Section 89 of the code of Civil Procedure, 1908 states that "if the court deems fit, it can allow arbitration, mediation or conciliation for settlement of disputes between parties outside the court" which expressly means that the court has the power to refer the IP matters to ADR too. Courts have thus been trying to settle the ADR practices and have come up with various tests to determine arbitrability of various types of disputes.
In the case of Booz Allen and Hamilton Inc. v. SBI Home Finance Ltd. the Hon'ble Supreme Court held that all the disputes which pertain to "right in personam" are arbitrable in nature and all disputes relating to "right in rem" are unsuitable for arbitration. In Eros International Media Limited v. Telemax Links India Pvt. Ltd., the Bombay High Court observed that all Intellectual Property cases are not essentially "right in rem" and so cannot be said to be non- arbitrable. The Delhi High Court in Hero Electric Vehicles Private Limited and Anr. v. Lectro E- Mobility Private Limited and Anr. held a trademark dispute to be arbitrable where the plaintiffs were seeking to enforce their trademark rights against a particular group and not against the world.
So, the crucial aspect determinative of arbitrability is the nature of judgment sought by the aggrieved and if it is sought against the public at large it is not arbitrable.
Current position in Law:
In 2016, the Trade Mark Registry (Delhi) decided to undertake a pilot project wherein 500 pending oppositions were referred to mediation/ conciliation based on the consent of the parties which were a party to the dispute.
The latest case on point is the Delhi High Court Judgment pronounced by Hon'ble Justice Jayant Nath in the case of Golden Tobie (P) Ltd. v.
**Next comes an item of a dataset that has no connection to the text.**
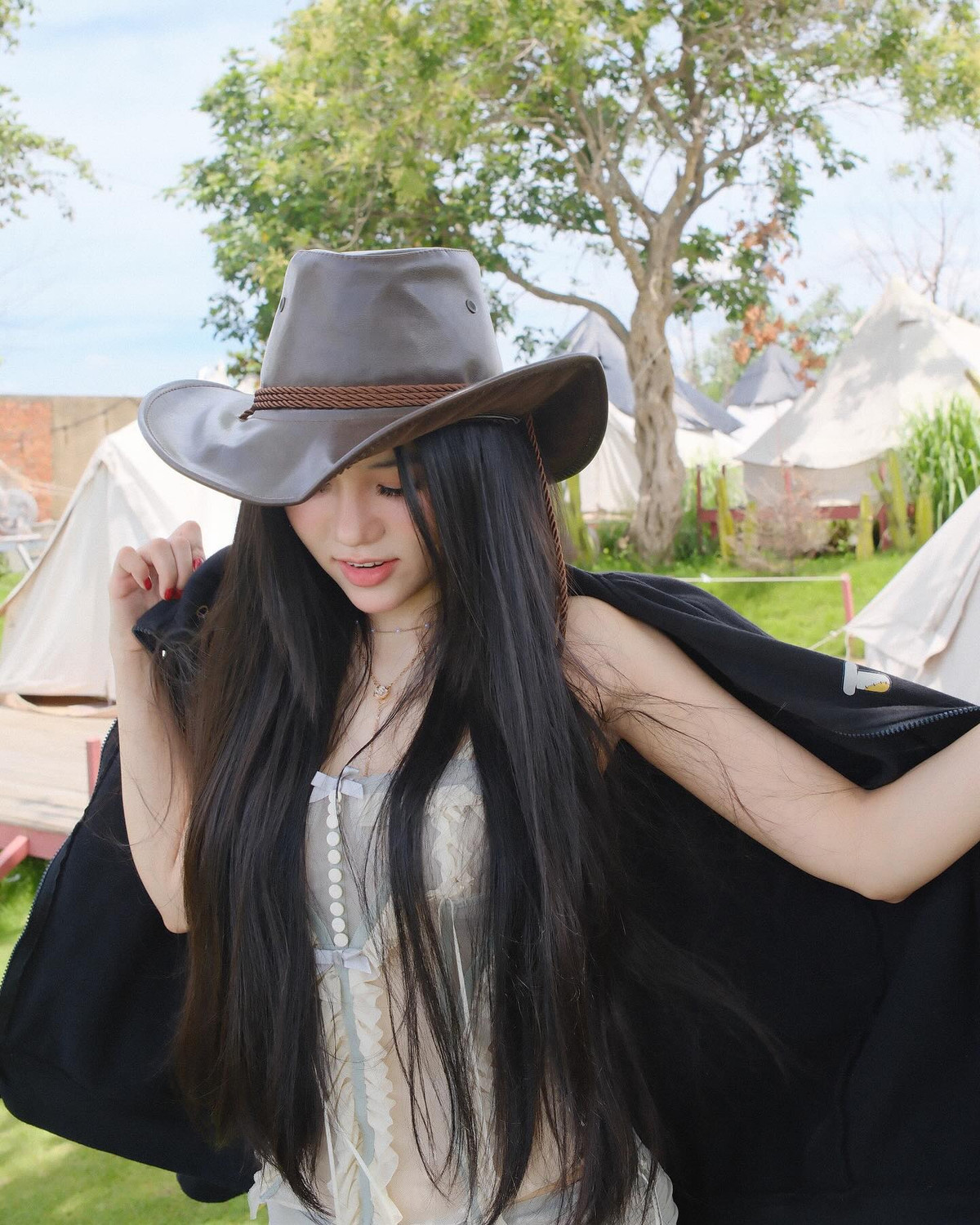 Ý Nhi thể hiện cuộc sống sang chảnh trên MXH khi thường xuyên check-in những nhà hàng đắt đỏ, đi sắm đồ hiệu,...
Golden Tobacco Ltd. wherein the Defendant had filed an application under Section-8 of the Arbitration and Conciliation Act, 1996. The facts of the case were that the parties entered into a master long-term supply agreement by which the defendant on an exclusive basis had supplied to the Plaintiff the exclusive brands of the Defendant "Golden's Gold Flake, Golden Classic, Taj Chhap, Panama and Chancellor". Subsequently, the Plaintiff entered into a trademark license agreement stating that he had been granted an exclusive non-assignable, non-transferable license to manufacture the Defendant's product which will be solely manufactured at his factory in Noida. Plaintiff submitted that despite huge capital and operational expenditure made by the Plaintiff to increase the availability of the Defendant's products he was issued a termination notice. Since the commercial production had not yet started the agreement was terminated with immediate effect. Subsequently, by another termination notice, the Defendant stated that the timely payment had not been made and the plaintiff had no right to manufacture and sell exclusive brands of the defendant in the market. Hence the present suit was filed and it was prayed before the hon'ble court that the dispute be referred to sole arbitrator.
The Hon'ble bench referring to Supreme Court's decision in Vidya Drolia v. Durga Trading Corporation observed that actions in rem including grant and issue of patents and registration of trademarks are exclusive matters falling within the sovereign and government functions and are non-arbitrable. Court held that the present dispute did not pertain to infringement of a trademark but was on the right to use the trademark conferred by a particular agreement on a particular group. Thus, the dispute between the parties was held to be arbitrable. Further, it was held that "the assignment of a trademark is by a contract and is not a statutory fiat."
It is clear from the study of aforesaid cases that the possibility of arbitration in IPR matters only arises out of the nature of the dispute and if the procedures are well in place, it can bring a positive impact.